Between the films, I'm fortunate to contribute to the Europa Cinemas' Audience Development lab (see their Storify to catch up on what was discussed) and get the opportunity to speak to participants from across Europe. Cinema history is taken very seriously here. We are treated to a private tour of the Cinema Modernissimo as it is being renovated. Opened in 1915, this four hundred seat cinema is directly underneath Piazza Maggiore.

Truly though, the best part of Il Cinema Ritrovato is the chance to fill in big gaps in your film knowledge (or meet up with old favourites) under the best possible conditions. At the festival's heart are its screenings in Piazza Maggiore, where up to five thousand festival guests and locals (those who haven’t escaped to the coast in the summer heat) gather to watch classics. Not far from the medieval tower, you’re treated to a gigantic screen and surprisingly good sound (given it’s a reverberating square).

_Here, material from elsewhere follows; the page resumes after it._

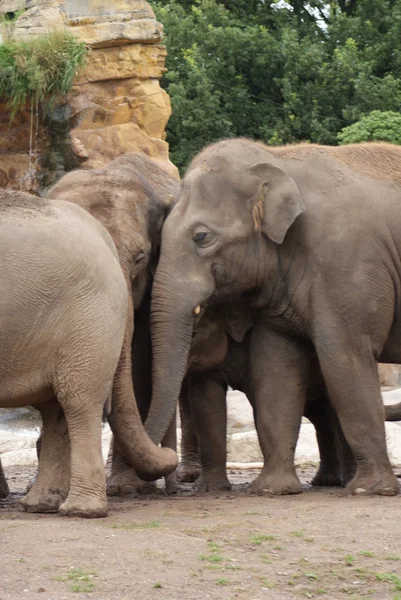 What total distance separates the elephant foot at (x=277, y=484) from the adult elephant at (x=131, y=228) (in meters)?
0.82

Here are two titles I would recommend for any repertory programme:

West Indies

west indies
Med Hondo's anti-colonial musical West Indies

Films slip away for all kinds of reasons, and it’s not always the passage of decades. Med Hondo’s West Indies was released in 1979, and it’s a delight to have the director to introduce the screening. Hondo, charmingly overcome with emotion, is delighted that his film is being watched again, exclaiming that he made it for people to see. And it couldn’t be a more pertinent moment for the filmmaker to be the focus of Martin Scorsese’s Film Foundation’s World Cinema Project, part of a wider initiative to restore fifty African titles. His Soleil O played Cannes Classics, but it’s a stunning Harvard Film Archive print we watch here.

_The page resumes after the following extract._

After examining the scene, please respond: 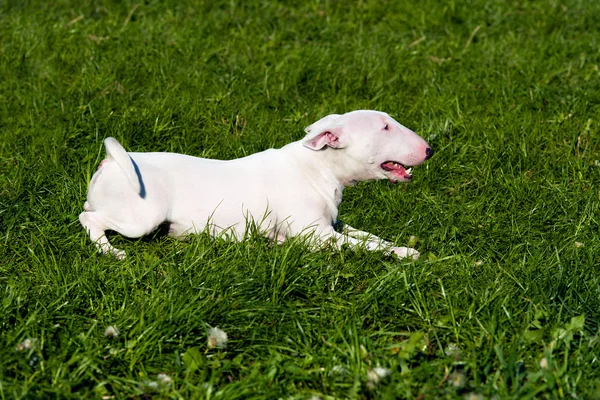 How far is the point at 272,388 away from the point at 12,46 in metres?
4.53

West Indies is an anti-colonial musical, telling the story of the Caribbean islands both when they were first colonised by European nations, and the later abuses of luring diaspora to Paris to live in an unfit and racist society. The whole of the film takes place on a gigantic slave ship, with scenery changing to depict different historical moments. In other hands it could feel like a play staged for the screen, but Hondo’s choreography and vivid colour make it a genuinely cinematic experience.

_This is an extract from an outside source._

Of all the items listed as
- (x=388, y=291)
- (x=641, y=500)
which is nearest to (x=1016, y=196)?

This film deserves to be better known: it’s a genuinely engaging watch, but also never shies away from caustic anti-colonial thought. As a result, it’s all the more stirring and enduring in the memory. It doesn’t hurt if the revolution looks like it might be… fun? Here’s hoping this new print can tour the UK in due course.

La Verité

Brigitte Bardot in Clouzot's courtoom procedural, La Verité

On more familiar ground was La Verité from ‘France’s Hitchcock’ Henri-Georges Clouzot. Brigitte Bardot stars in this courtroom procedural, with a tale of young love gone sour told in flashback. Clouzot’s typically crisp direction pairs well with the cynicism of the courtroom, played off against the idealism of the bohemian world that Bardot finds herself in. It’s a slightly stiff portrayal of the Left Bank, very much the generation above looking at the one below with mild bemusement and distance. But the film is held up well by Bardot’s performance, given as she entered a new phase of her career with Godard’s Le Mepris only a few years away. It’s similar to Diana Dors’s performance in the (incredible) Yield to the Night: someone using their beauty and star status to tell a social realist story of the lives of women, and stepping away from the trite characterisations offered by the industry at large. The brutal ending is typical of French films of the period, but hopefully this won’t keep La Verité standing besides Clouzot’s more famous works like Le Corbeau and Les Diaboliques.